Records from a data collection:
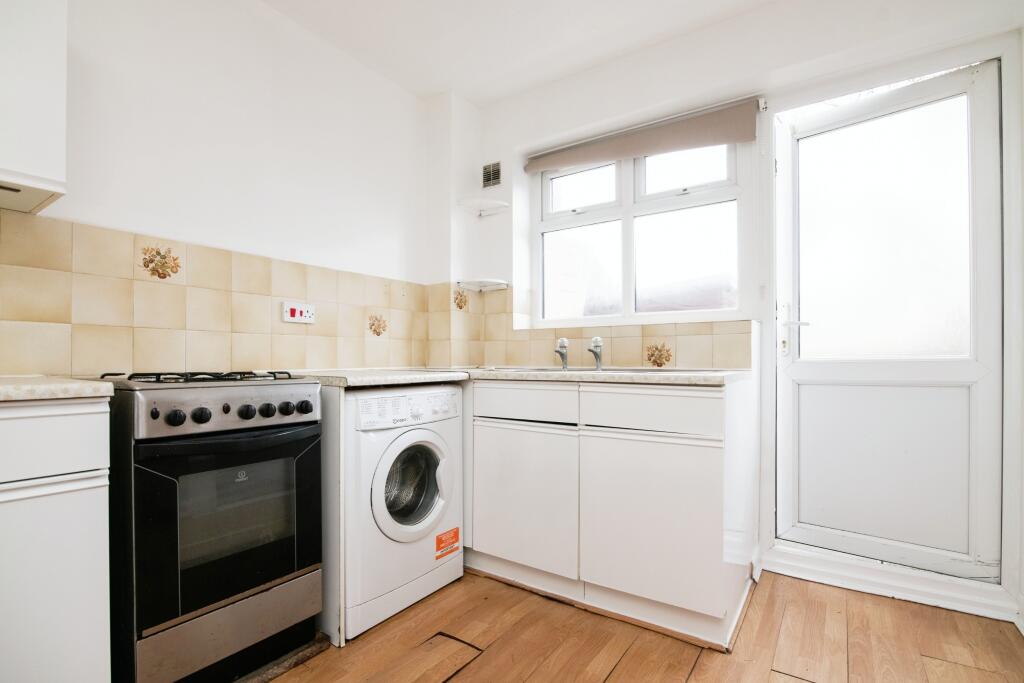 House in Sandwell, West Midlands - View 5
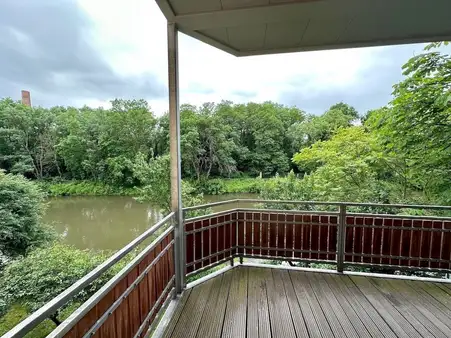 ETW in ruhiger Lage mit Blick ins Grüne und aufs Wasser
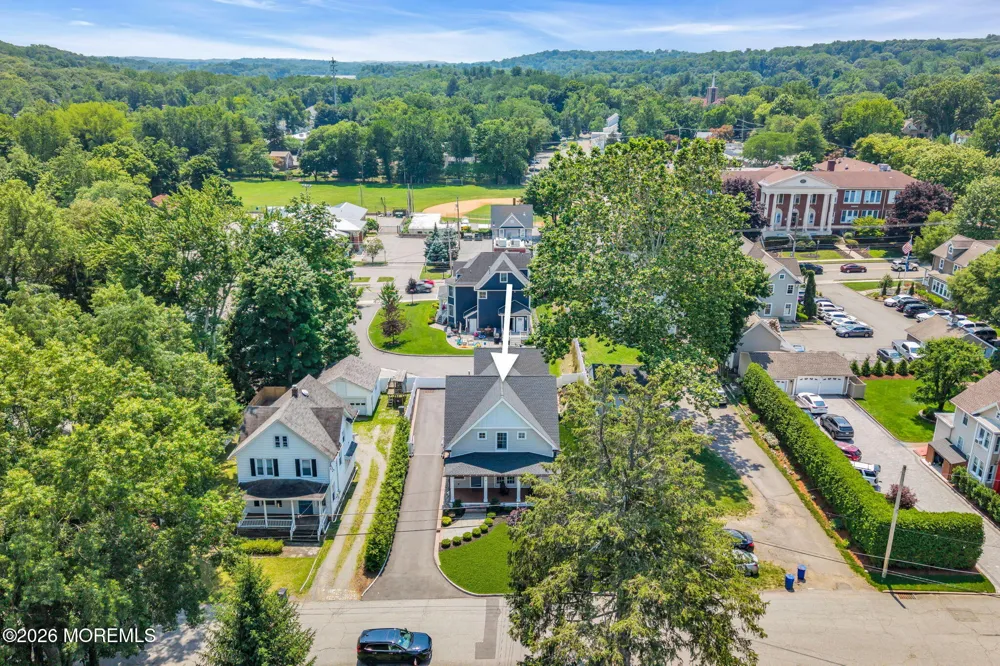 16 Storms Avenue Park Ridge, NJ 07656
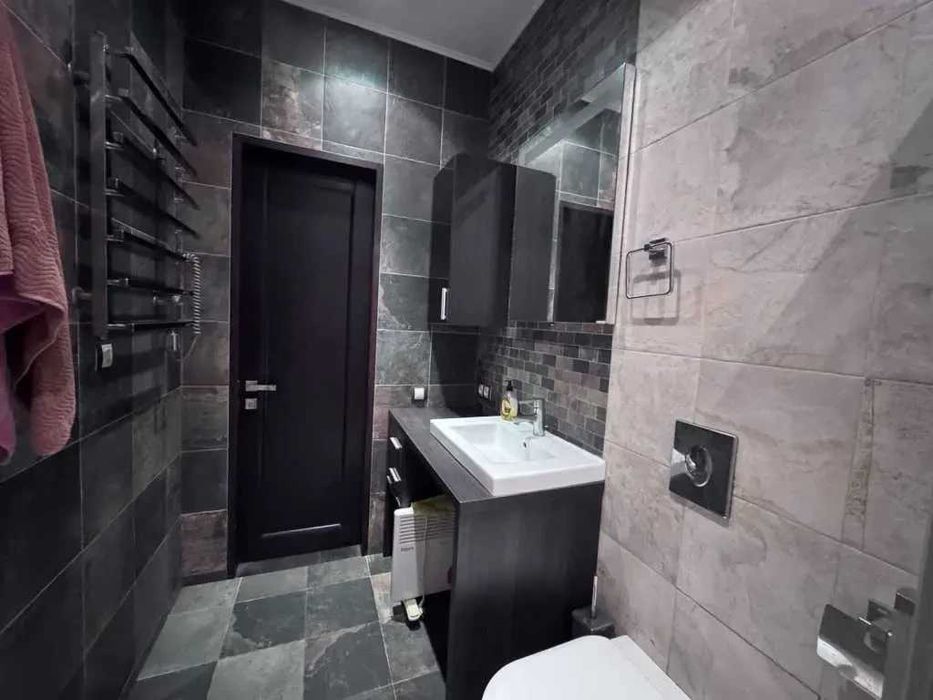 Дава се под наем Двустаен апартамент в София, Център - 56 кв.м за 448.8 € - Снимка #3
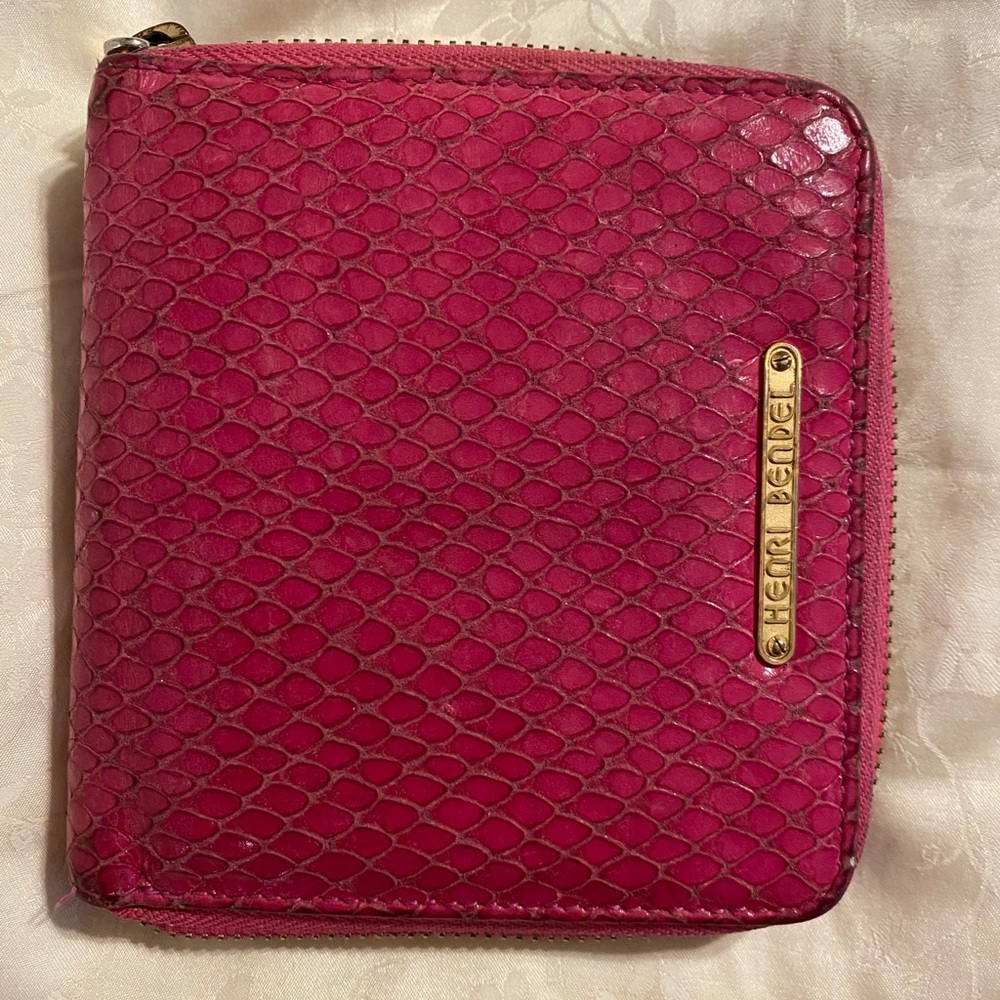 Henri Bendel wallet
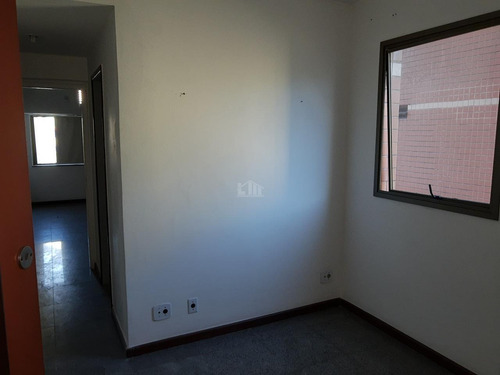Sala, Qrts Para Para Aluguel, Com 30,00 M², No Santa Lúcia,vitória. - 331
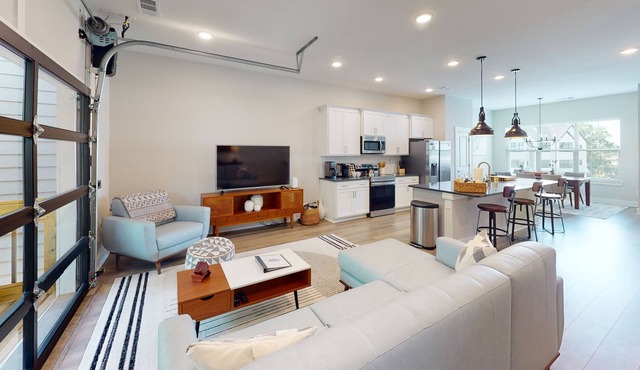The Stonecrest Hideaway | Dog-friendly townhouse in Nashville with deck & grill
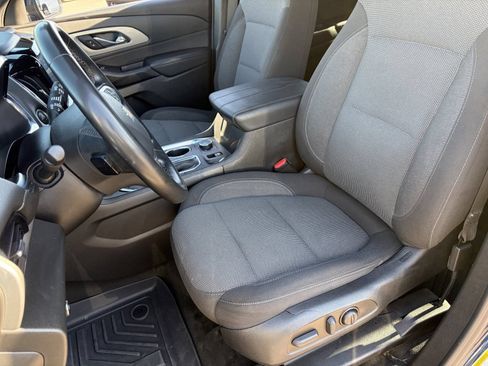 Used 2023 Chevrolet Traverse LT FWD image 21
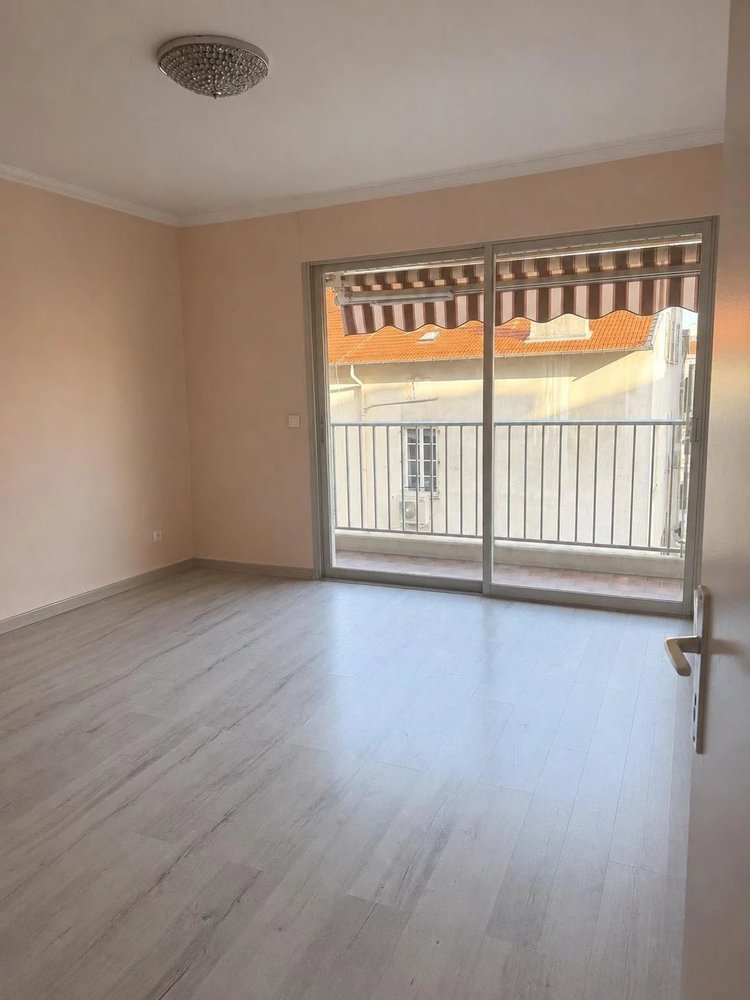 Property photo 3 in Carre d'Argent
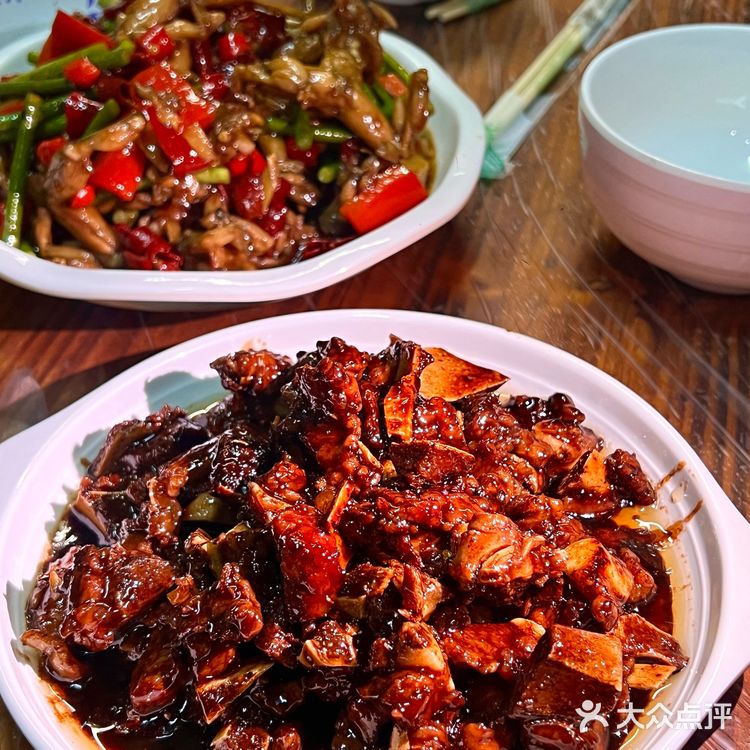 南昌！藏在居民楼烧菜馆！本地人带路才吃上！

- _WHAT IS NEEDED_
A word-for-word repeat is expected of the lines from the one with "Henri Bendel wallet" to the end of the data, both included; pictures are not part of it.

- _ANSWER SECTION_
 Henri Bendel wallet
Sala, Qrts Para Para Aluguel, Com 30,00 M², No Santa Lúcia,vitória. - 331
The Stonecrest Hideaway | Dog-friendly townhouse in Nashville with deck & grill
 Used 2023 Chevrolet Traverse LT FWD image 21
 Property photo 3 in Carre d'Argent
 南昌！藏在居民楼烧菜馆！本地人带路才吃上！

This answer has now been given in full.